Starting from September 1, foreign investors are permitted to buy shares and own charter capital without any cap if:
- their organization has been operating in the banking, insurance or securities sectors for at least two consecutive years before contributing capital to establish the organization or purchasing shares and contributed capital; and
- agencies specialized in banking, securities, and insurance overseas have signed either bilateral or multilateral agreements on information exchange, management, inspection and supervision of securities activities and securities market with the State Securities Commission.
Organizations which do not meet the above requirements and individuals may only own under 51 percent charter capital of a securities trading organization.
Most public companies are no longer subject to any foreign equity caps unless they are:
- operating in a sector with a foreign equity limit specified in an international agreement with Vietnam;
- operating in a sector that is subject to legal restrictions on its foreign ownership ratio;
- operating in multiple industries with differing regulations regarding foreign equity cap.
Under Decree No.60, foreign investors are permitted to invest in stocks of securities investment companies or non-voting shares of public companies with no restrictions. However, the maximum total shareholding level of foreign investors still may not exceed 30 percent of the charter capital of Vietnamese commercial banks.

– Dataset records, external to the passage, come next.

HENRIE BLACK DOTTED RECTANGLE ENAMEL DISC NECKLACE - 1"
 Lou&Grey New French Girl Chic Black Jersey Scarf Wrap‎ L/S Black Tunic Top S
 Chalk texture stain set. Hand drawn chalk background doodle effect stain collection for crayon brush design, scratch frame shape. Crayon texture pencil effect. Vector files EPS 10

The foreign ownership ratio is defined as the equity held by foreign investors or by any organizations established in Vietnam, of which 51 percent of its charter capital is owned by foreign investors.
As with the new Law on Enterprises and Law on Investment, which took effect this July, this long-awaited Decree is another key step in Vietnam’s opening up to foreign investors.
In June alone, the Vietnam Securities Depository (VSD) issued trading codes for 81 foreign investors, including 15 organizations and 66 foreign individual investors.
While Vietnam is still classified as a frontier market, this easing of foreign ownership restrictions will help build its case for an upgrade in its classification to an emerging market. When it was announced that MSCI would consider Qatar and the UAE as emerging markets in 2013, their benchmark equity gauges jumped at least 38 percent in the following twelve months.